İLKOKULDAN BU YANA AHŞABIN İÇİNDEYİM

"Çocuk yaştan beri bu işin içindeyim." diyen Yüksel Korkmaz sözlerine şöyle devam ediyor: "Türkiye ve dünyada izlediğim kadarıyla insanlar emekli oluyor ve kendine bir meşgale arıyor. Ben öyle değilim. İlkokuldan bu yana daima ahşabın içinde oldum ve kendime göre ticaretini yaptım, araştırmalarda da bulundum. Hangi ahşap daha uzun ömürlüdür, hangisi daha dekoratiftir, ülkemizde hangi ağaç türleri vardır, hangilerini nereden temin edebiliriz noktasında kendimi geliştirdim. Bu nedenle ahşabı çok iyi tanıyorum."

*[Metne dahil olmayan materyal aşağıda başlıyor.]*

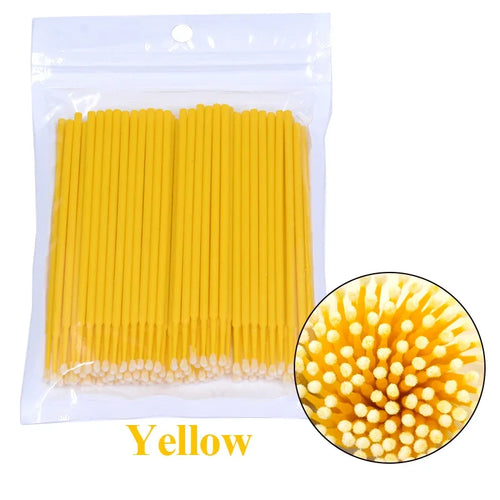 CNKESS 100PCS Eyelash Brushes Cotton Swab Micro Individual Eyelashes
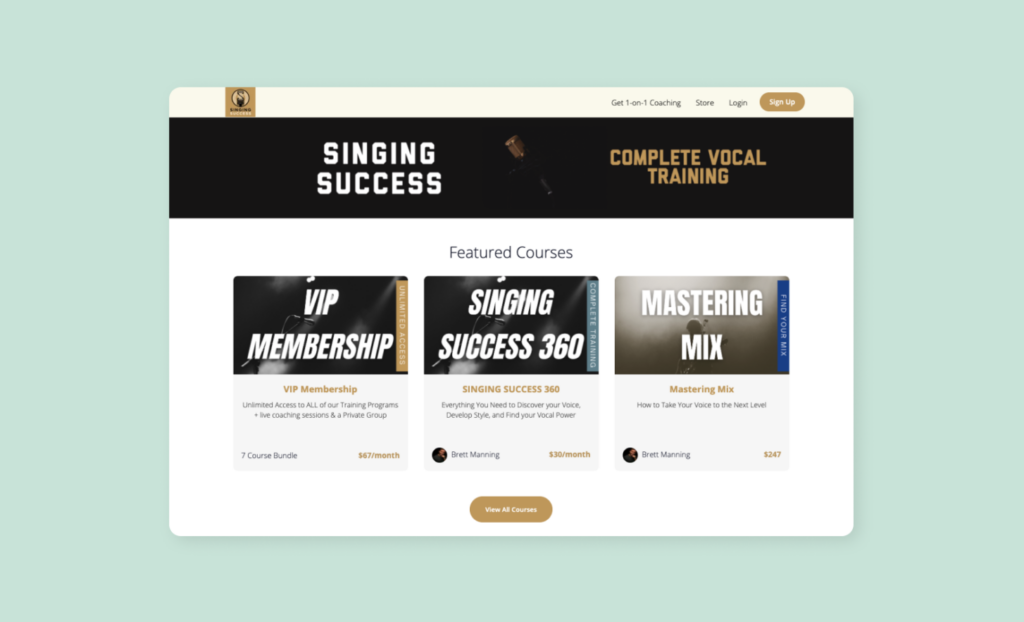 Screenshot of Signing Success home page: Complete Vocal Training showing option to click VIP membership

İŞLEYEREK SANATA DÖNÜŞTÜRÜYORUZ

Korkmaz, ahşabın kendisi için ne anlama geldiğini ise şu sözlerle açıklıyor: "Ahşap benim için yaşam demek, her şey demek. Sıcakta bunaldığınız zaman bir ağaç gölgesinde serinliyorsunuz. Aynı zamanda ağaçlar oksijen üretiyor, insanların nefes almasını sağlıyor. Ahşap bizim doğamızda olan, büyüklerimizin de geçmişte çok sık kullandığı şeylerden biri. Yataklarımızda, divanlarımızda, çatılarımızda, kısacası birçok şeyde ahşap vardı. Biz de şimdi bunu işleyerek sanata dönüştürüyoruz ve bu anlamda öne çıkarmaya çalışıyoruz."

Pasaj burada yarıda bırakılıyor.